Maria-Eugenia Polipciuc successfully defends thesis
− 2 min readOn Wednesday 1 November, Maria-Eugenia Polipciuc successfully defended her PhD thesis on: “An exploration of trust, betrayal, & social identity”
Thesis summary
The chapters in this thesis are bound not by methodology, but by stemming from the same curiosity: that about how to improve cooperation and social cohesion in the light of diversity. Chapter 1 uses observational data from schools in the United States in the ‘90s to study how variations in exposure to racial diversity in school might affect turnout and political preferences of young adults. Higher racial diversity in school has a positive effect on turnout in presidential elections seven years later, and a higher share of blacks predicts a higher probability to identify as a Democrat. The effects do not differ significantly by race. The remaining three chapters use an experimental approach. Chapter 2 investigates whether preferences for strategic risk (relative to random risk) in one-shot, two player games depend on whether the players’ interests are aligned or not. We find that this matters only if interests are not aligned.
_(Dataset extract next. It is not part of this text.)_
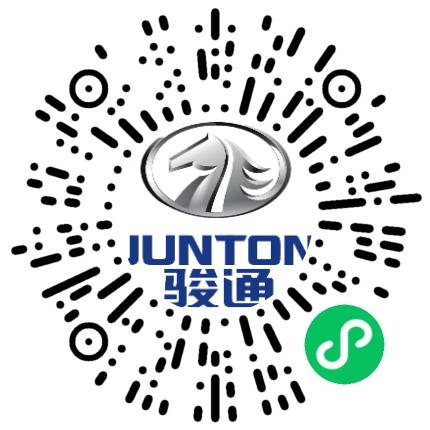 河南骏通车辆有限公司机械研发工程师扫码投递简历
In this situation, the opponent faces a trade-off between private and social interest. As a result, one can evaluate their intentions from their action. Chapter 3 studies how betrayal aversion contributes to the difference in trust towards ingroup members versus towards outgroup members. Results indicate that it does not play an important role. This is true not only in the short run, but also over time, even as some participants trust ingroup members more than outgroup members seven months after the groups had been created. Chapter 4 empirically tests an assumption made in the identification of betrayal aversion. Results show that this assumption—that the underlying distribution of risks does not influence risk aversion—does not hold. Overall, the chapters in this thesis contribute to experimental methodology, to the experimental research of trust, and to political behavioral economics.